# Best 5.1 Speakers under 7k!!!!



## sri ram (Dec 29, 2012)

Hi All!!!
This is my second thread, didn't get much replies for my previous thread!!!! That has made me to post an other one. I'm waiting for your valuable suggestions!!!!
I am in a plan of buying a 5.1 speaker system which is compatible for both PC and TV. Budget falls between 5k to 8k. 

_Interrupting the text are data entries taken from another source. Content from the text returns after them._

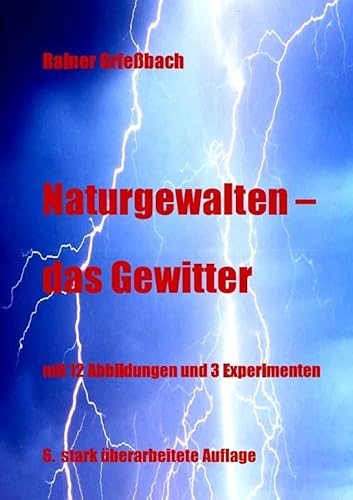 Naturgewalten - das Gewitter: DE von epubli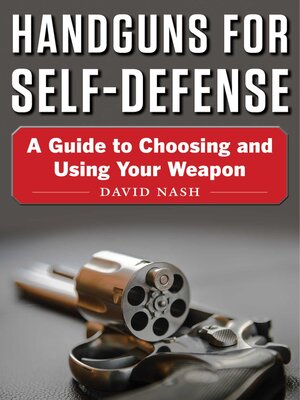 cover image of Handguns for Self-Defense: a Guide to Choosing and Using Your Weapon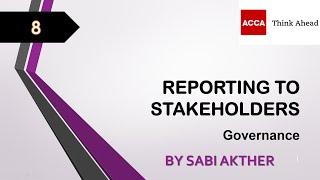 ACCA I Strategic Business Leader (SBL) I Reporting to Stakeholders - SBL Lecture 8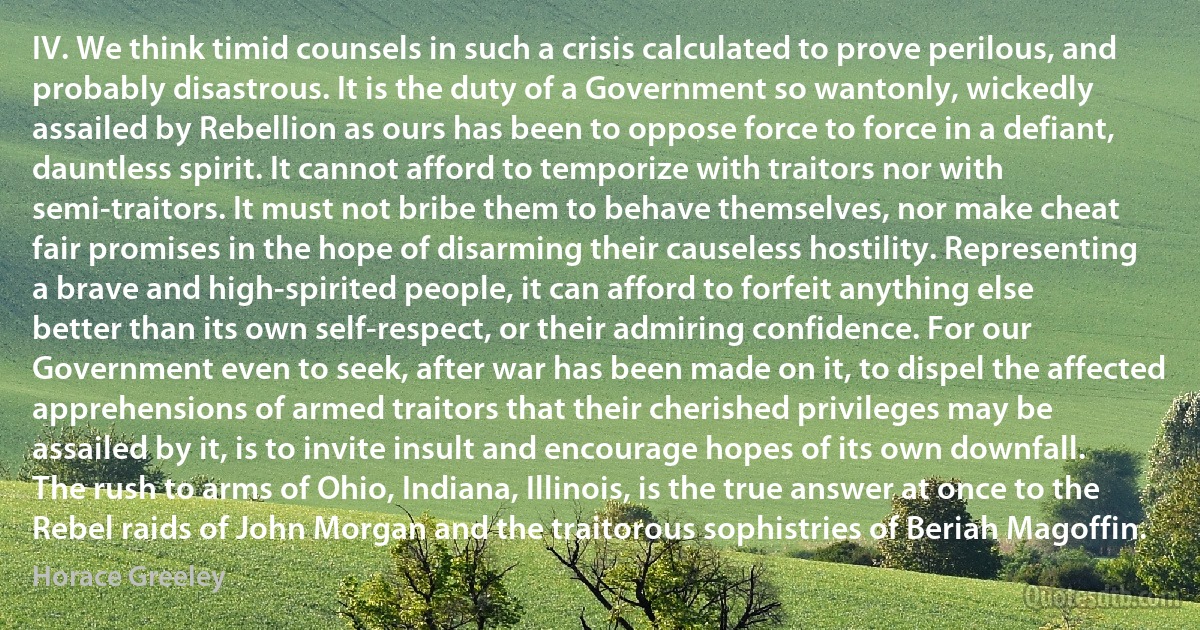 IV. We think timid counsels in such a crisis calculated to prove perilous, and probably disastrous. It is the duty of a Government so wantonly, wickedly assailed by Rebellion as ours has been to oppose force to force in a defiant, dauntless spirit. It cannot afford to temporize with traitors nor with semi-traitors. It must not bribe them to behave themselves, nor make cheat fair promises in the hope of disarming their causeless hostility. Representing a brave and high-spirited people, it can afford to forfeit anything else better than its own self-respect, or their admiring confidence. For our Government even to seek, after war has been made on it, to dispel the affected apprehensions of armed traitors that their cherished privileges may be assailed by it, is to invite insult and encourage hopes of its own downfall. The rush to arms of Ohio, Indiana, Illinois, is the true answer at once to the Rebel raids of John Morgan and the traitorous sophistries of Beriah Magoffin. (Horace Greeley)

Thanks & Happy New Year in Advance!!!!


----------



## Sarath (Dec 29, 2012)

Happy New year to you too.

Just wait for a while, you'll get replies, looks like people are too busy with celebrations 

Also meanwhile look up the Audio section to previous discussion about 5.1 systems


----------



## avinandan012 (Dec 29, 2012)

at that budget a 5.1 is total rip-off

get a decent 2.1/2.0 system makes sence

look at the swans m10


----------



## princy0nisha (Dec 30, 2012)

Logitech z506@6k


----------



## sri ram (Dec 30, 2012)

Finally!!!! two sleepless night...here are my options
1.F & D Fenda F900U
2.F & D Fenda F700U
3.F & D Fenda F3000U
4.Edifier M3500
5.Logitech Z506
6.ZEB-SWT9200RUCF 
All six fall under 7k. What's ur pick?????

On account of all 6 being not up to the mark, pls come up with ur recommendations


----------



## princy0nisha (Dec 30, 2012)

Go 4 logitech z506,u wl nvr regrt.
Full peace of mind.
U cn also hv a luk at philips dsp75u total of 120rms


----------



## sri ram (Dec 30, 2012)

thank u  ll consider that too!!!!


----------



## avinandan012 (Jan 1, 2013)

so what did you choose ?


----------



## sri ram (Jan 1, 2013)

@Avinash Still the thread is not yet answered as expected!!!!! so i'm waiting for it buddy....


----------



## turbasu (Apr 13, 2013)

I have purchased a Z506 but it did not fill my expectations up. It is good in low-volume sound but not good as a home-theatre at all. I think I'd try F&D F6000U but this company fails to reply my queries through email. Waiting...


----------